▶

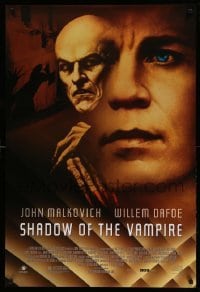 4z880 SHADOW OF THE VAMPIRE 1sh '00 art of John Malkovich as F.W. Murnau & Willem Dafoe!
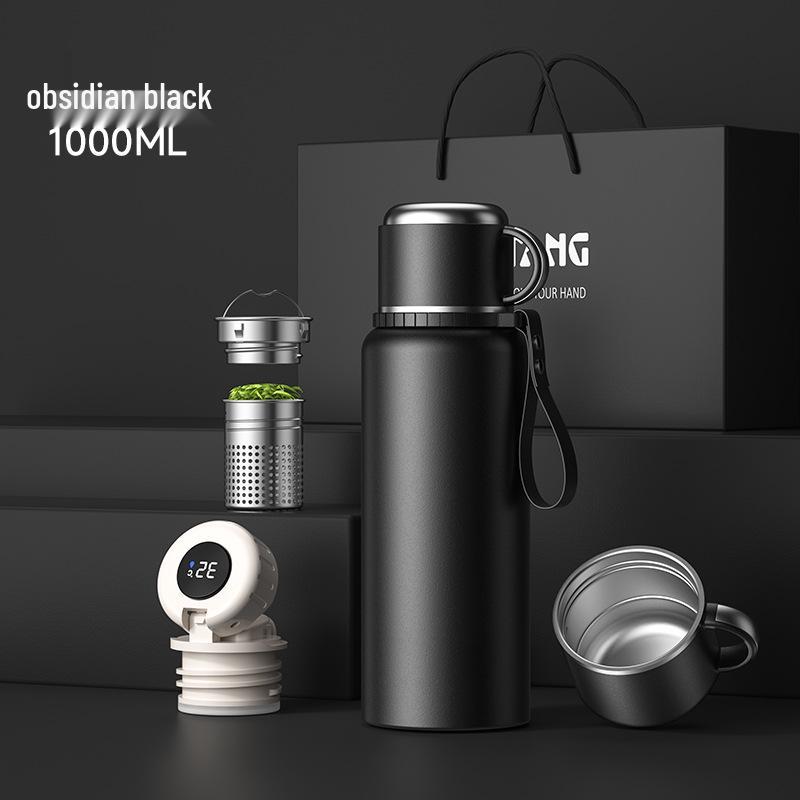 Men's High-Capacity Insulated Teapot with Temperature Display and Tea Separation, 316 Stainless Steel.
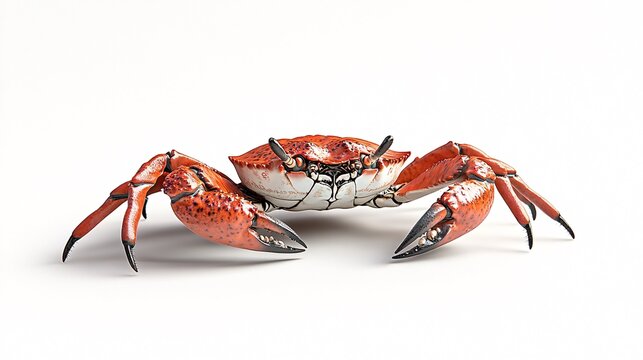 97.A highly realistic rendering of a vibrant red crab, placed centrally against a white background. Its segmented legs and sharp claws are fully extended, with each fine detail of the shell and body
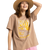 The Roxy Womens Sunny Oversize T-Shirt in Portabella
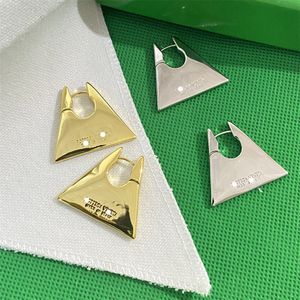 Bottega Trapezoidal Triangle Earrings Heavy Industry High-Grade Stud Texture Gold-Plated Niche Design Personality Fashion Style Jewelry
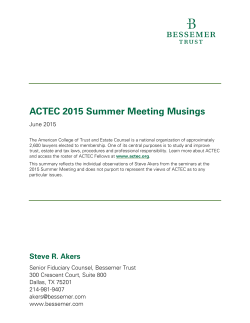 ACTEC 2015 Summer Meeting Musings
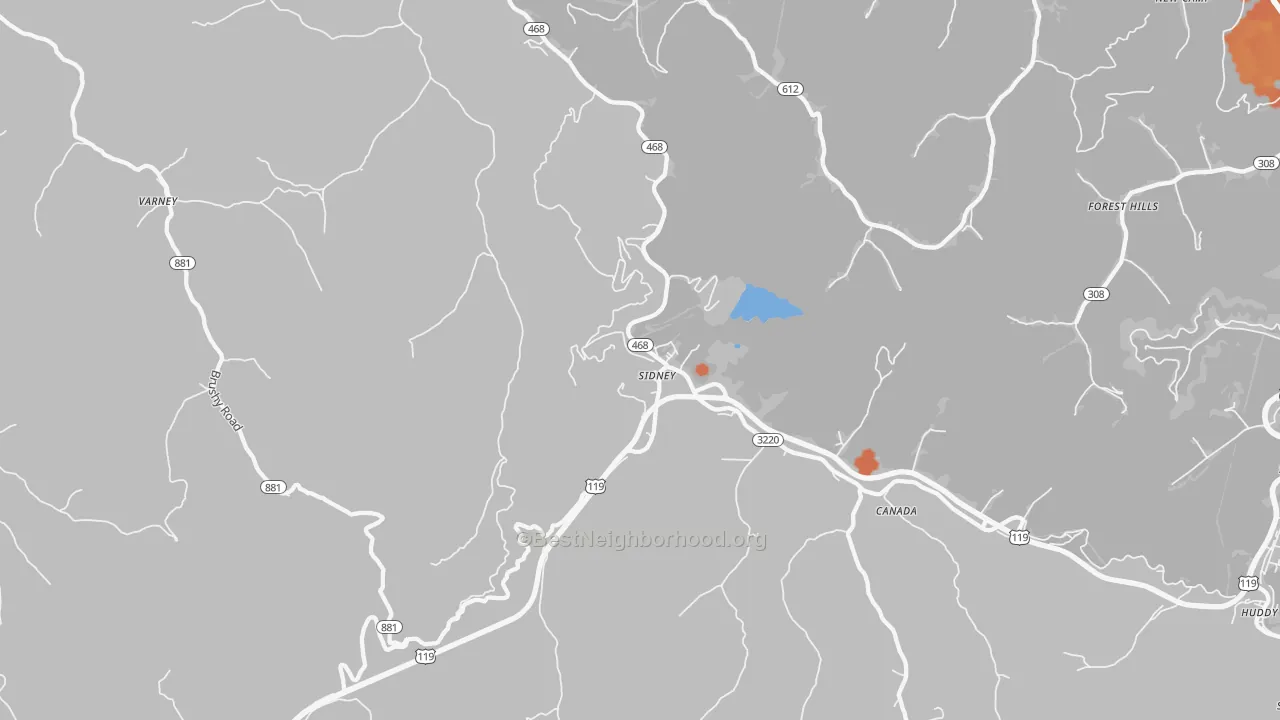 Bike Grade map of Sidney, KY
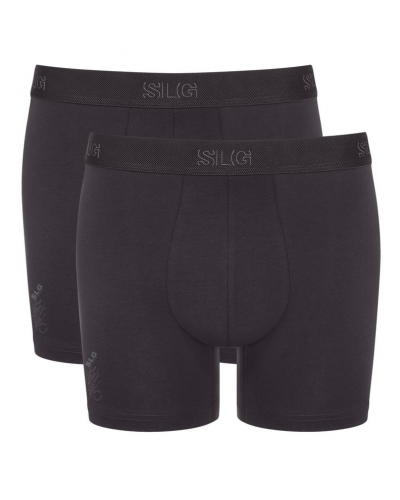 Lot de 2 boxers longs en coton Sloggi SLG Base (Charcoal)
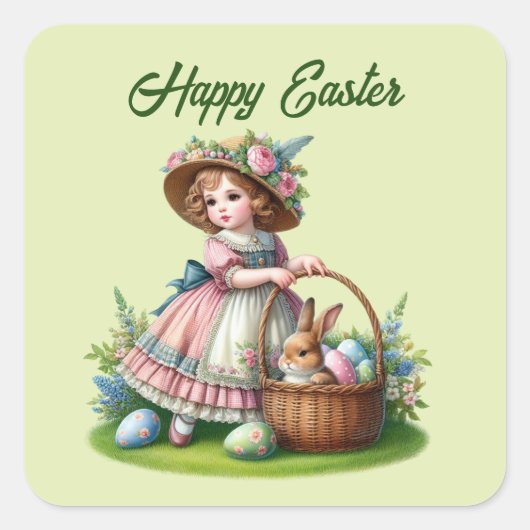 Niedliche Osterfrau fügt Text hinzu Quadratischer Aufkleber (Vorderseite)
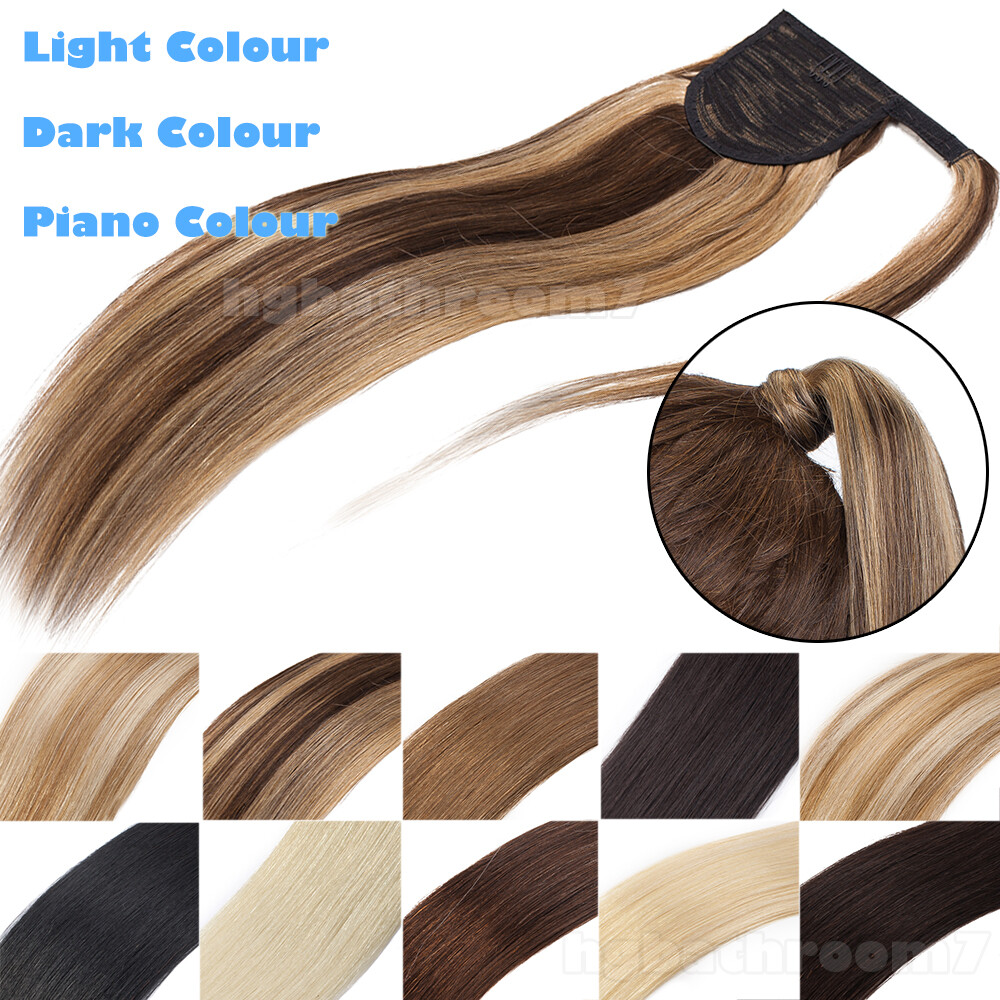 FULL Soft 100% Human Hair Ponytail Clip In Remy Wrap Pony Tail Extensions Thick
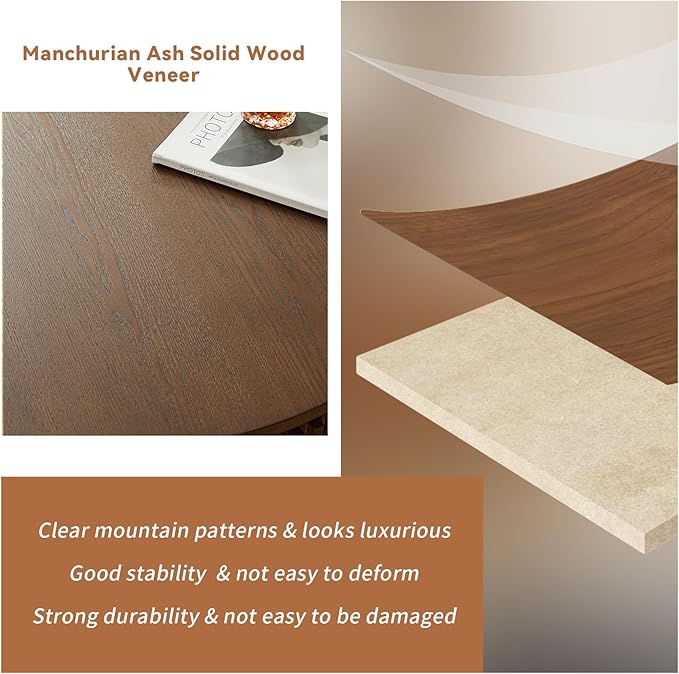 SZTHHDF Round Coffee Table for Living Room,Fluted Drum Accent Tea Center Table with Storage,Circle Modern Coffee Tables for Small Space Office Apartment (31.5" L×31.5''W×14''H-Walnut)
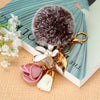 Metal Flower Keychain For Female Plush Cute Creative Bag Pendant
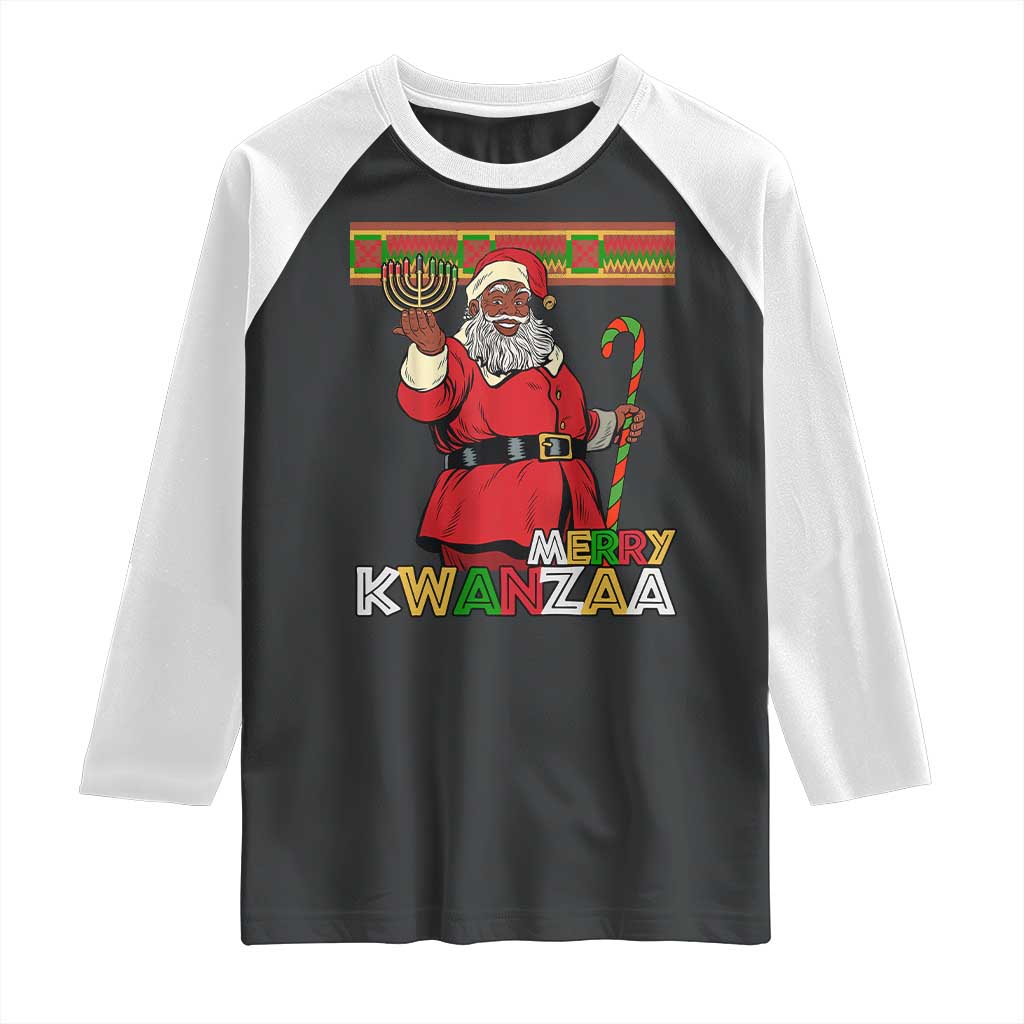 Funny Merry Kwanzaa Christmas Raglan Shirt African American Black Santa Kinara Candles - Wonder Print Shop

◀

• _WORK REQUIRED_:
Would you set down the material exactly as it stands, without the pictures?

• _OUTPUT OF THE EXERCISE_:
 4z880 SHADOW OF THE VAMPIRE 1sh '00 art of John Malkovich as F.W. Murnau & Willem Dafoe!
 Men's High-Capacity Insulated Teapot with Temperature Display and Tea Separation, 316 Stainless Steel.
 97.A highly realistic rendering of a vibrant red crab, placed centrally against a white background. Its segmented legs and sharp claws are fully extended, with each fine detail of the shell and body
 The Roxy Womens Sunny Oversize T-Shirt in Portabella
 Bottega Trapezoidal Triangle Earrings Heavy Industry High-Grade Stud Texture Gold-Plated Niche Design Personality Fashion Style Jewelry
 ACTEC 2015 Summer Meeting Musings
 Bike Grade map of Sidney, KY
 Lot de 2 boxers longs en coton Sloggi SLG Base (Charcoal)
 Niedliche Osterfrau fügt Text hinzu Quadratischer Aufkleber (Vorderseite)
 FULL Soft 100% Human Hair Ponytail Clip In Remy Wrap Pony Tail Extensions Thick
 SZTHHDF Round Coffee Table for Living Room,Fluted Drum Accent Tea Center Table with Storage,Circle Modern Coffee Tables for Small Space Office Apartment (31.5" L×31.5''W×14''H-Walnut)
 Metal Flower Keychain For Female Plush Cute Creative Bag Pendant
 Funny Merry Kwanzaa Christmas Raglan Shirt African American Black Santa Kinara Candles - Wonder Print Shop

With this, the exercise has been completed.